USAID officials would not speculate on which countries might be picked for cuts, though aid workers said it was unlikely that those with the greatest need -- such as Sudan -- would be hit hard. Most at risk appeared to be long-term emergency programs in such countries as Nepal, where unrest has quieted, as well as a number of African countries, such as Tanzania, that had relatively good harvests last year.

The Bush administration's 2008 USAID budget request calls for $1.2 billion in food aid with a supplemental $350 million to cover assistance in Darfur and critical situations in southern Africa, Kenya and other hot spots.

USAID officials said the administration, facing a tight budget year, was not planning to request funds to cover the projected $200 million shortfall from the price increases.

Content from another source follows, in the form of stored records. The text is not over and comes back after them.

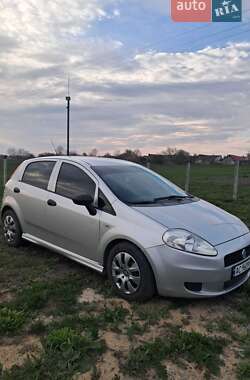 Хетчбек Fiat Punto 2010 в Ковелі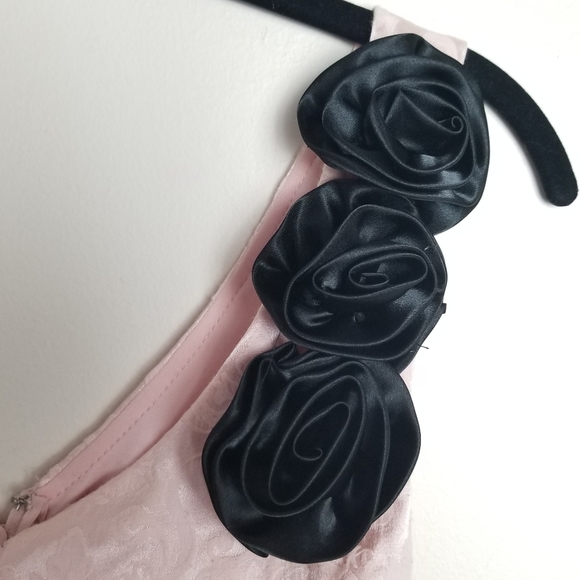 SPEECHLESS one shoulder party dress - w/ pockets! - Picture 2 of 10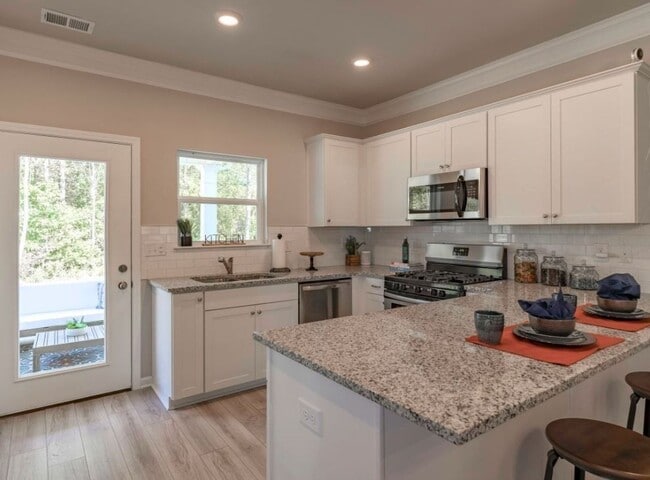 Building Photo - Single-Family Home for Lease below $2,000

USAID purchases grains in the same domestic commodities market as the U.S. companies that serve up Wonder bread or Big Macs, meaning they pay the same high market rates. As a result, officials said, the program cuts are necessary. "At this point, this is the administration's request," Borns said yesterday.

Aid groups said they would press USAID and the Bush administration to pursue more funds from Congress to cover the shortfall. Several are concerned that the cuts come at a time when the Senate is considering a farm bill that would make it much harder for USAID to tap into non-emergency food in the event of a catastrophic event such as the 2004 Asian tsunami.

Frank Orzechowski, an adviser for Catholic Relief Services, said his organization has calculated that U.S. food aid would drop from 2.6 million tons last year to about 2.2 million this year. "That is going to be a pretty big hit for the people who can afford it the least," he said.

"The biggest concern is that there are going to be more people being pushed into food insecurity in poor countries because they don't have the purchasing power to cover higher costs, and we will be less rather than more prepared to cope with that. Higher commodity prices is not a situation that the U.S. is to blame for, but we are going to need to see it step up now and decide to make a greater contribution anyway."

Although it may take several months before the cuts are felt, higher food prices already have begun to erode the non-emergency aid and development programs sponsored by USAID in partnership with CARE, Catholic Relief Services, World Vision and others. In the case of one Asian nation, CARE said USAID had provided 10 percent less non-emergency food aid than expected, citing higher prices.

In Liberia, Catholic Relief Services funds its developmental programs -- including health worker training and technical assistance to farmers -- by selling wheat or rice provided by USAID at market prices. But, Catholic Relief was unable to find buyers for those grains in January because market prices have jumped so high that local buyers have switched to cheaper foods. The aid group is scrambling to find alternate sources before its funding runs out in April.